Peter Scannell, the whistleblower who helped take down Putnam Investments, for alleged mutual fund trading abuses, on Monday filed a lawsuit against the Massachusetts Attorney General and the state itself seeking a bounty for his role in uncovering the scandal.
Scannell, 48, is suing to collect a reward under the state's False Claims Act, aimed at providing protection and financial awards to those who expose fraudulent actions that have an adverse effect on the cities and towns within the Commonwealth or any political subdivisions of the Commonwealth. The move comes after Scannell was denied a $15 million reward, which he believed he was entitled to as an informant.
David Kerrigan, Attorney General Thomas F. Reilly's government bureau chief, praised Scannell's assistance in uncovering wrongdoing at the Boston mutual fund giant, but ruled that he does not meet criteria of a whistleblower under the statute. Therefore, he was deemed ineligible for the 30% compensation of Putnam's fines to the state of Massachusetts.
Putnam paid $193.5 million in state and federal to charges for alleged market-timing and self-dealing transgressions.
Scannell's lawyer, Robert C. Autieri, argues that the Massachusetts Pension Reserves Investment Management Board (PRIM), a "political subdivision" covered under the Act, had $1.7 billion of state retirement money invested with Putnam at the time the market-timing practices were exposed.

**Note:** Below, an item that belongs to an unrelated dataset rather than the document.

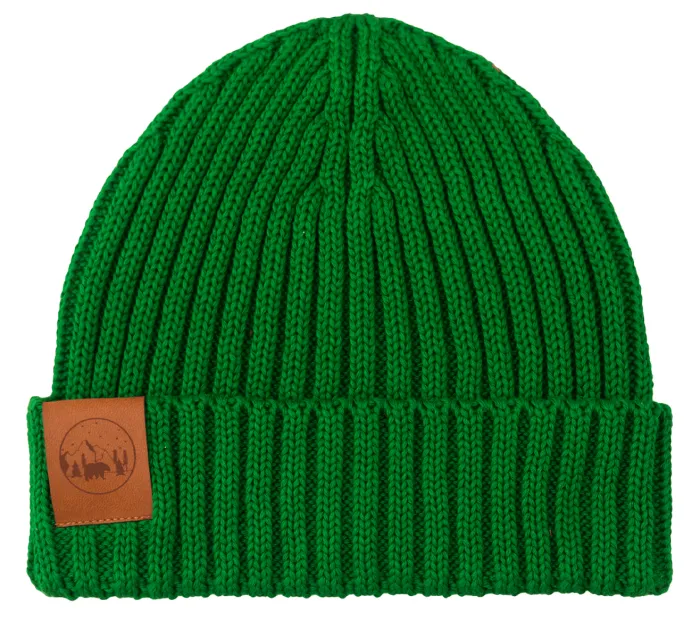 Green organic cotton alkatraz beanie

In addition, numerous cities and towns had millions of dollars invested with Putnam. In both instances, the parties suffered significant losses as the result of the preferential treatment Putnam provided to hedge funds and other large investors.
"The Attorney General's decision to deny Mr. Scannell's claim and demand leaves him with no other alternative to enforce his rights but to file a complaint in Superior Court," Autieri said, in a prepared statement. The denial of Scannell's claim "appears to be based on a narrow and technical interpretation of this relatively new statute," he added.

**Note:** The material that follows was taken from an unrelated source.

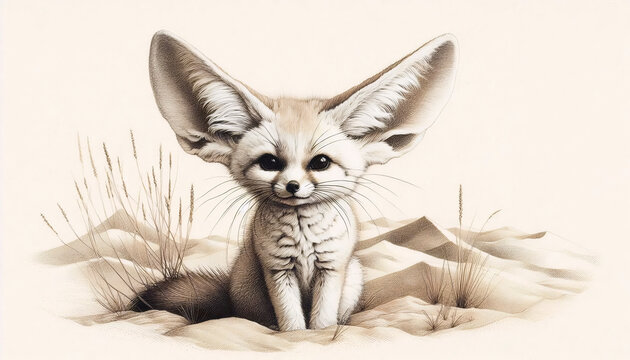 A tiny fennec fox ink drawing art print, Ai generated image
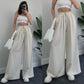 Wide Leg Waisted Casual Pants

Scannell first reported evidence of market timing to the Securities and Exchange Commission, which failed to act, and then to Secretary of State William Galvin and his securities division chief Matthew Nestor, who proceeded with the allegations. In addition to Putnam's fines paid in the settlements, Scannell's tip resulted in the ouster of the company's CEO Lawrence "Larry" Lasser.

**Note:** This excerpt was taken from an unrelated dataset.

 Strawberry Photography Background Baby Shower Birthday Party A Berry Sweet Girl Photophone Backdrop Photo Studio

Autieri noted that Scannell paid dearly for being an informant in the Putnam case, having been assaulted with a brick by an assailant urging him to keep his mouth shut. The attack has rendered him "physically and emotionally disabled," Autieri said, causing him to suffer from post-traumatic stress. Further, he claims that he has been blackballed in the industry and put under financial duress.